= Source records =
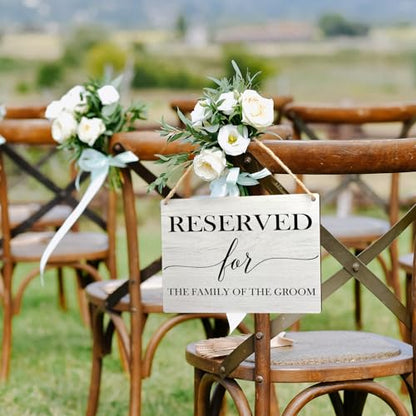 Ryeolo Reserved Row Signs for Wedding - Wooden Hanging Signs, 10.2x7.8 Inch (The Family of the Groom) - color: the Family of the Groom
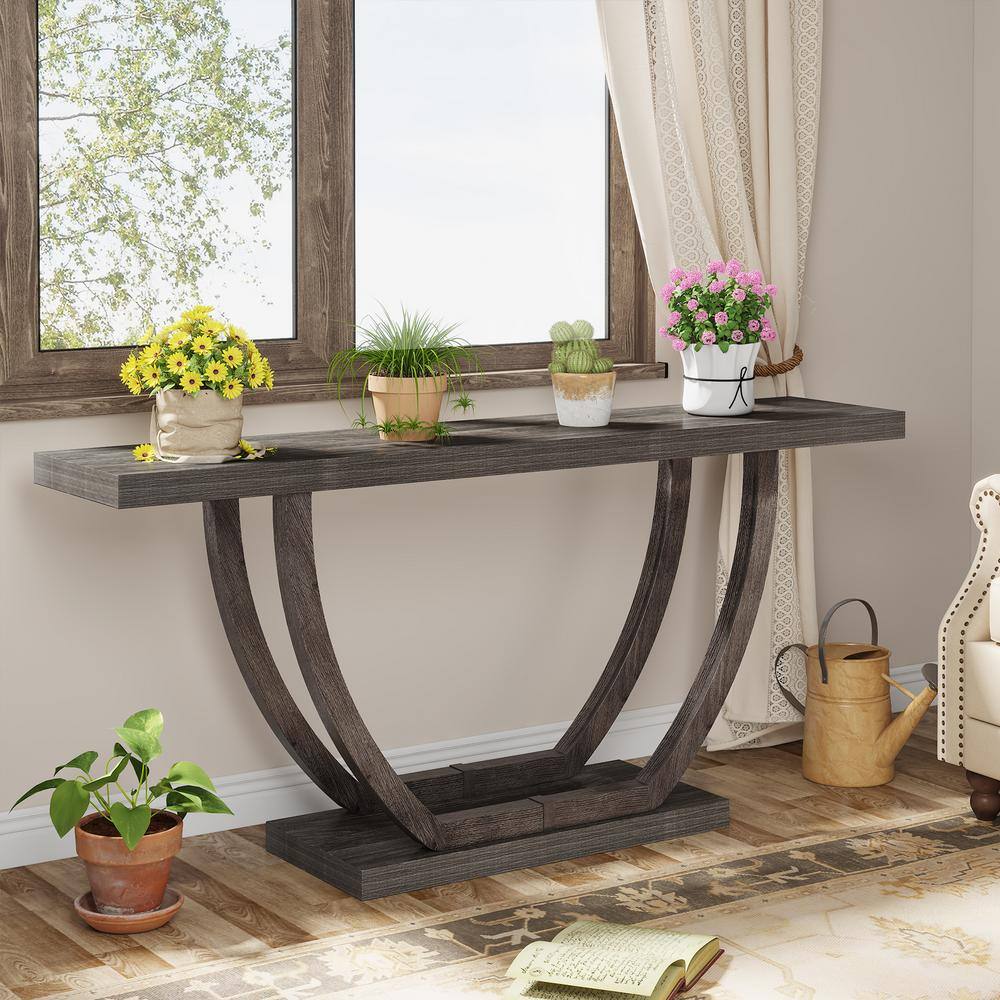 Gray 63-Inch Farmhouse Wood and Metal Console Table with Storage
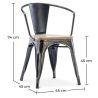 Pack Mesa de Comedor y 4 Sillas de Comedor con Reposabrazos Diseño Industrial - New Edition- Bistrot Stylix image 7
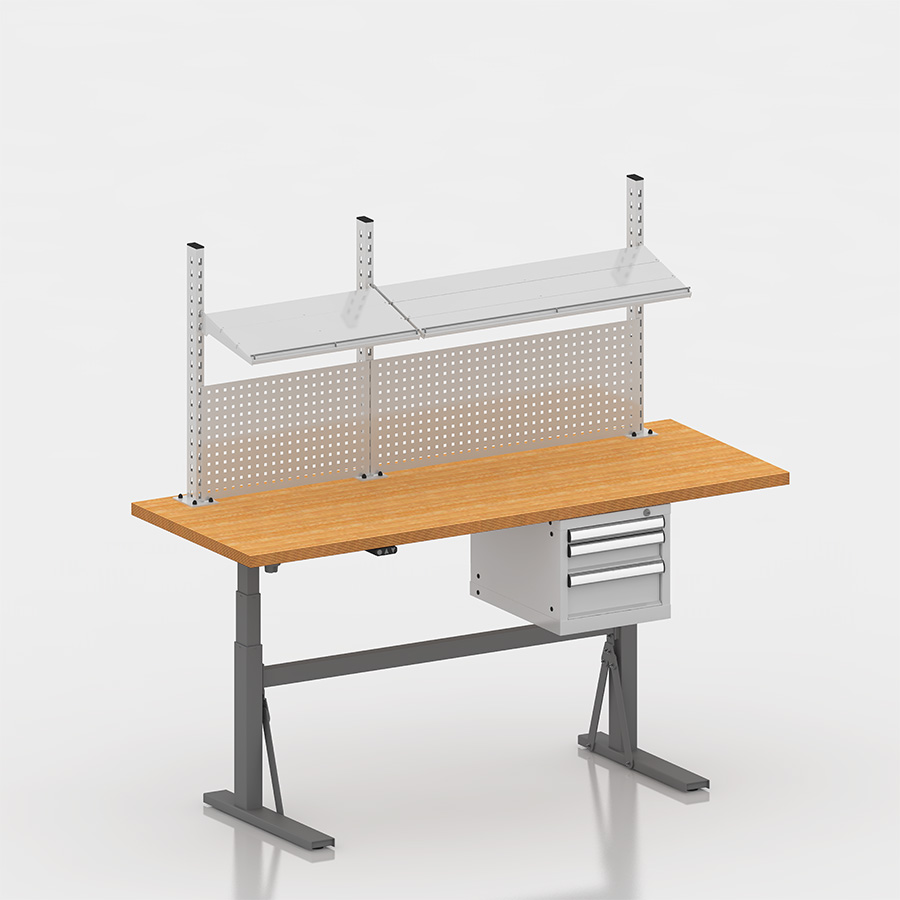 [050025] Estación de trabajo con encimera regulable en altura eléctricamente - Dim.: 2000x750x690/1160h mm - Gris ral 7037 y gris ral 7035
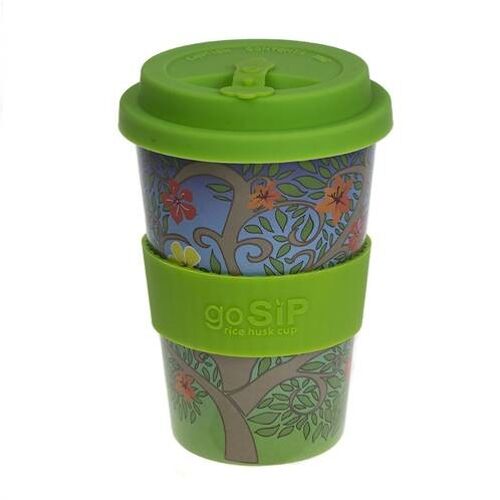 Reusable travel cup, biodegradable, tree of life - flowers (RH031)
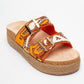 Bobby Orange Beaded Straw Platform Slide (Women)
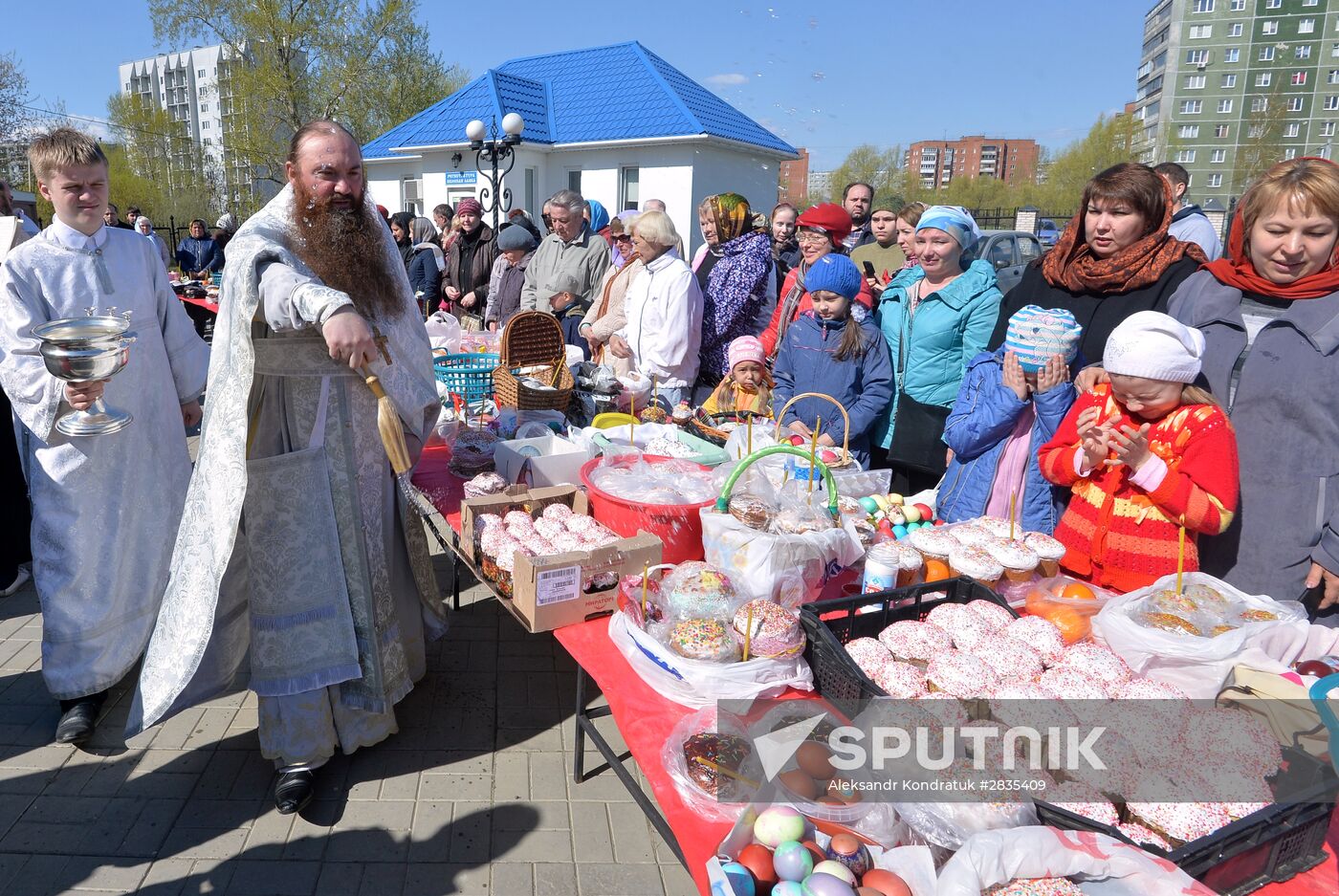 Easter cakes and eggs blessing on Orthodox Holy Saturday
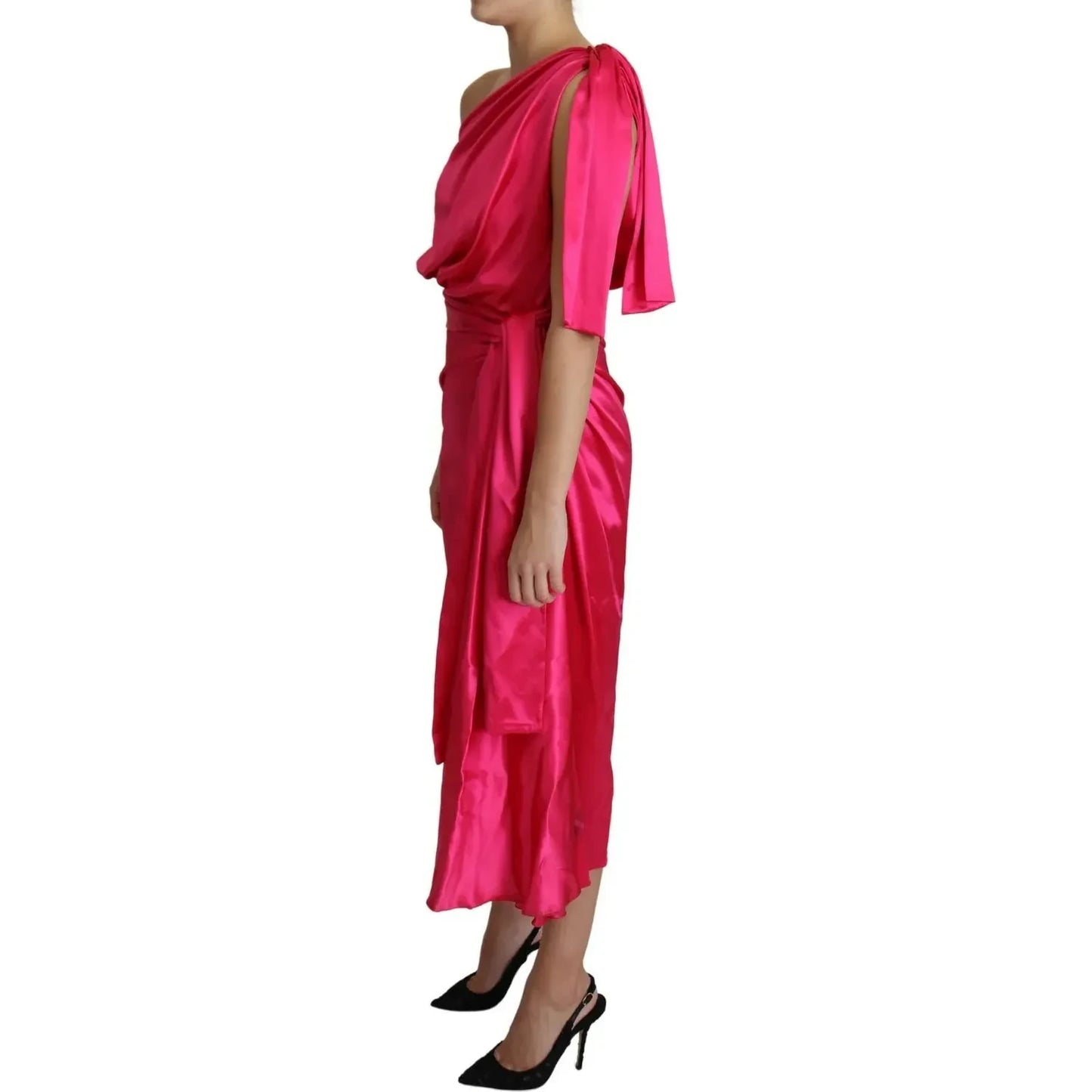 Dolce & Gabbana Fuchsia Fitted Cut One Shoulder Midi Dress Dolce & Gabbana Brown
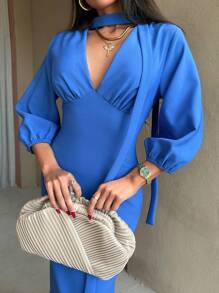 CLARA VERO Women Solid Color Long Sleeve With Shawl Detailed Dress - Blue - View 4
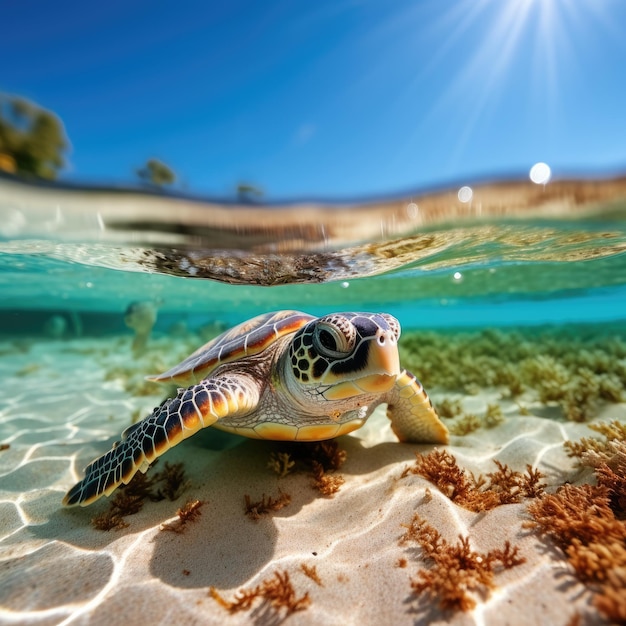 Une tortue nageant dans l'eau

= How to complete this task =
The output is the data above, repeated exactly, with pictures omitted.

= Solved exercise =
 Ryeolo Reserved Row Signs for Wedding - Wooden Hanging Signs, 10.2x7.8 Inch (The Family of the Groom) - color: the Family of the Groom
 Gray 63-Inch Farmhouse Wood and Metal Console Table with Storage
 Pack Mesa de Comedor y 4 Sillas de Comedor con Reposabrazos Diseño Industrial - New Edition- Bistrot Stylix image 7
 [050025] Estación de trabajo con encimera regulable en altura eléctricamente - Dim.: 2000x750x690/1160h mm - Gris ral 7037 y gris ral 7035
 Reusable travel cup, biodegradable, tree of life - flowers (RH031)
 Bobby Orange Beaded Straw Platform Slide (Women)
 Easter cakes and eggs blessing on Orthodox Holy Saturday
 Dolce & Gabbana Fuchsia Fitted Cut One Shoulder Midi Dress Dolce & Gabbana Brown
 CLARA VERO Women Solid Color Long Sleeve With Shawl Detailed Dress - Blue - View 4
 Une tortue nageant dans l'eau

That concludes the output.